╭──
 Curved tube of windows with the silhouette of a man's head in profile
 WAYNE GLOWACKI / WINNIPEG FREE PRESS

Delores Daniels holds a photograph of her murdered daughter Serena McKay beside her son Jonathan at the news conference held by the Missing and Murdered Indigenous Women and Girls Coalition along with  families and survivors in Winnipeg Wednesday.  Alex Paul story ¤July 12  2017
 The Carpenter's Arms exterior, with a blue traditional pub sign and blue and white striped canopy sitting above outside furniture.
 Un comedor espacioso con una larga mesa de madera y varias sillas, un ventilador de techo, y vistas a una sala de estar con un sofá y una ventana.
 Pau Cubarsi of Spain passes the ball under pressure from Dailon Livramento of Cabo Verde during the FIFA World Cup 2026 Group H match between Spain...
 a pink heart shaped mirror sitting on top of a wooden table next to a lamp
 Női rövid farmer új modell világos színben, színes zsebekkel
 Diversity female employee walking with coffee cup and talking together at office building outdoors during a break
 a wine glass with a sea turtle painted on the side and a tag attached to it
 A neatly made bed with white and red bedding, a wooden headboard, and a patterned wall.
╰──
╭──
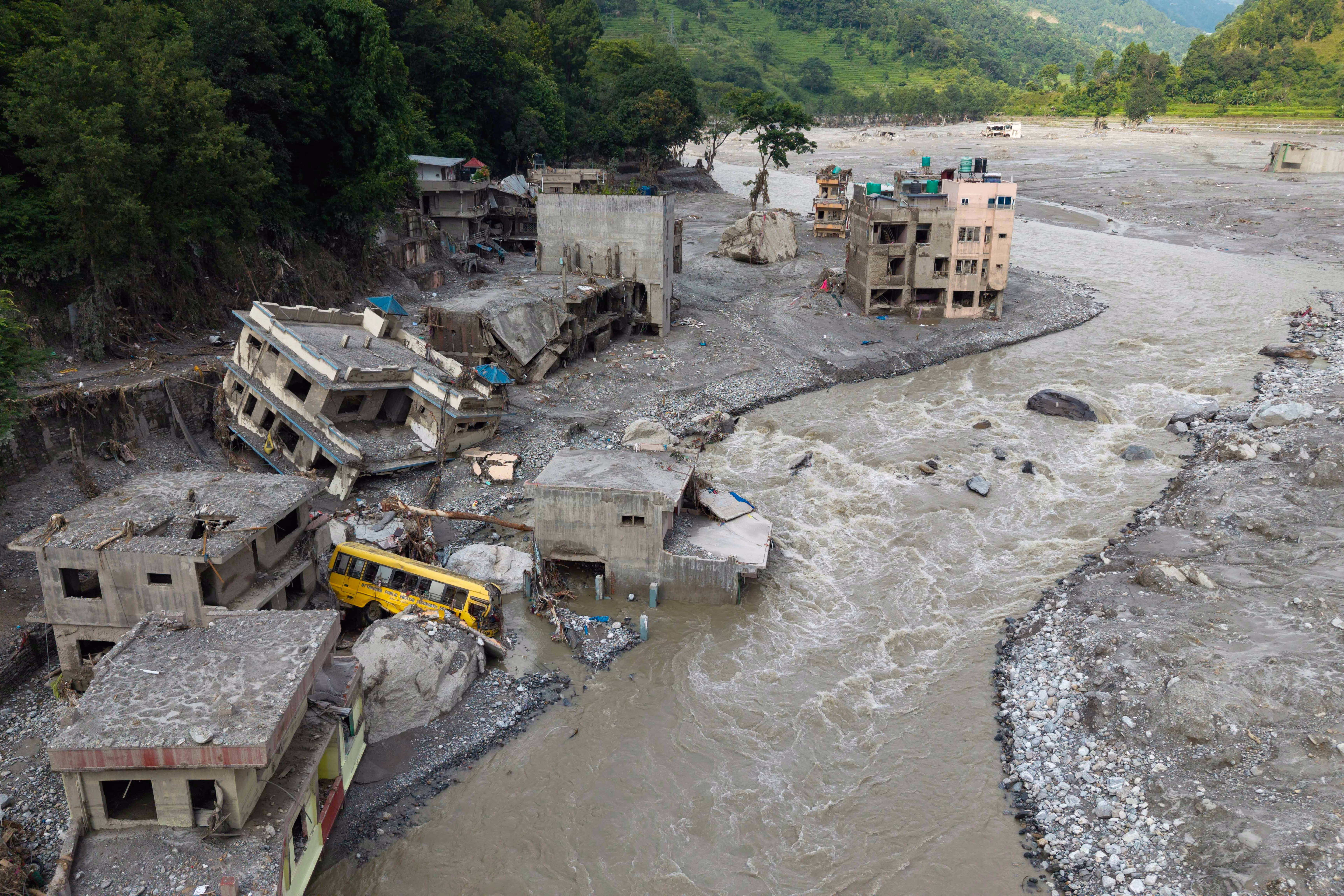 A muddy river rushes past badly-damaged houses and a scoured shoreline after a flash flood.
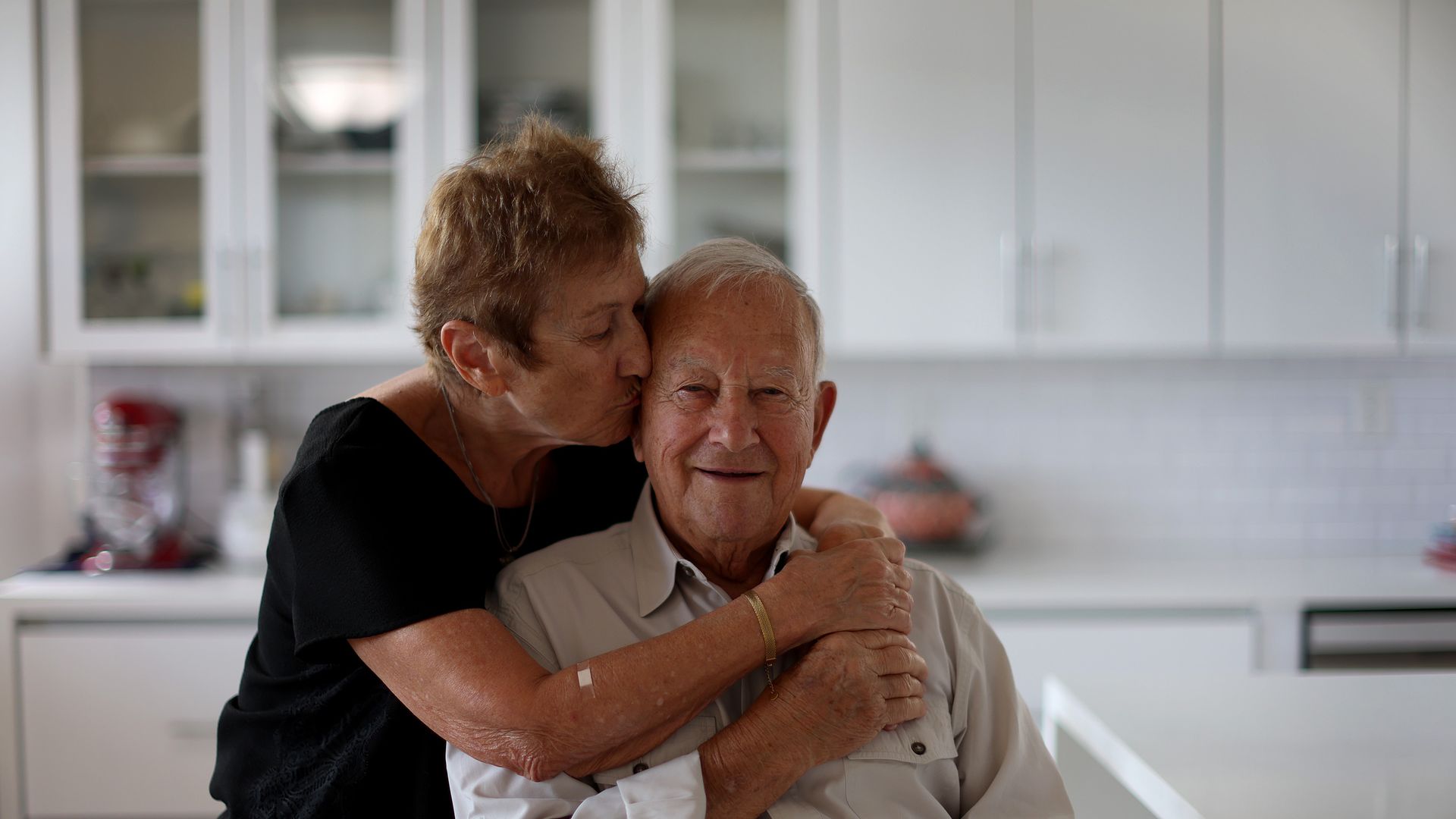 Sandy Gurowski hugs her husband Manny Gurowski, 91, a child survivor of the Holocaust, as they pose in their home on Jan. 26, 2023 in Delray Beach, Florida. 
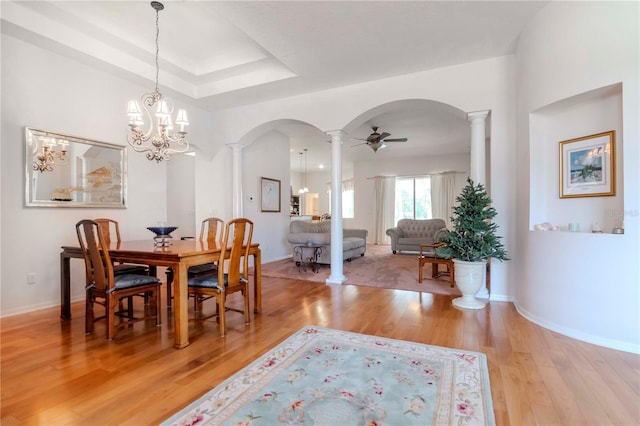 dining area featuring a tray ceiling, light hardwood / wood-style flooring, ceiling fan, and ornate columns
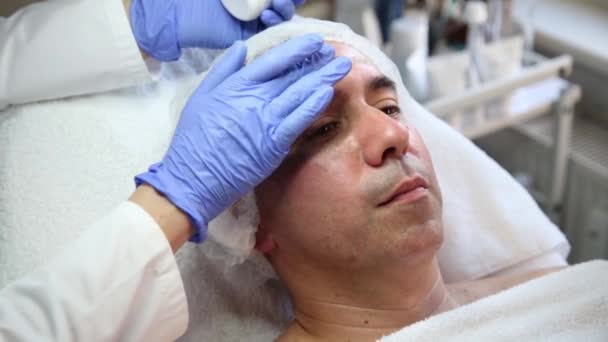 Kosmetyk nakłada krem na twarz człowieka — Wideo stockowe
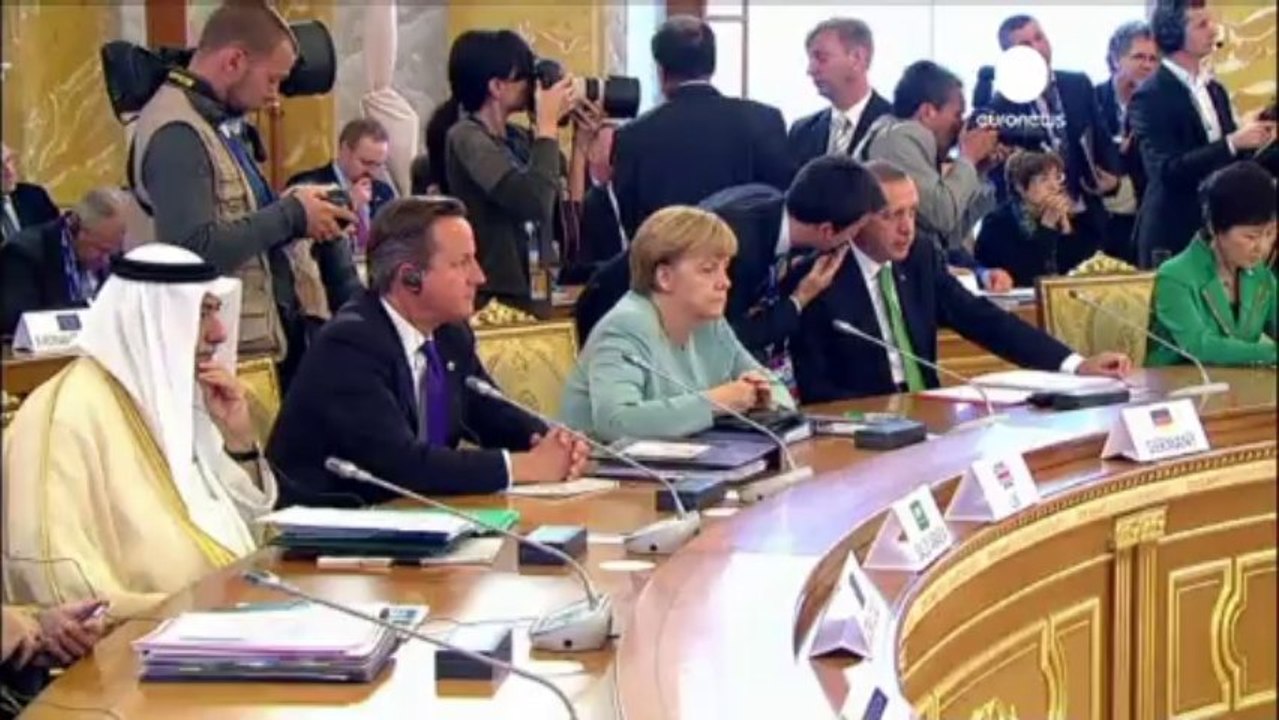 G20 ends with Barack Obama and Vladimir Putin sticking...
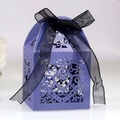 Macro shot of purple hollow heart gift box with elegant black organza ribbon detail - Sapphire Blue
╰──
When you reach the line with "Kosmetyk nakłada krem" in the records above, begin repeating the lines exactly, and stop after the line with "Macro shot of". Skip all pictures.

 Kosmetyk nakłada krem na twarz człowieka — Wideo stockowe
 G20 ends with Barack Obama and Vladimir Putin sticking...
 Macro shot of purple hollow heart gift box with elegant black organza ribbon detail - Sapphire Blue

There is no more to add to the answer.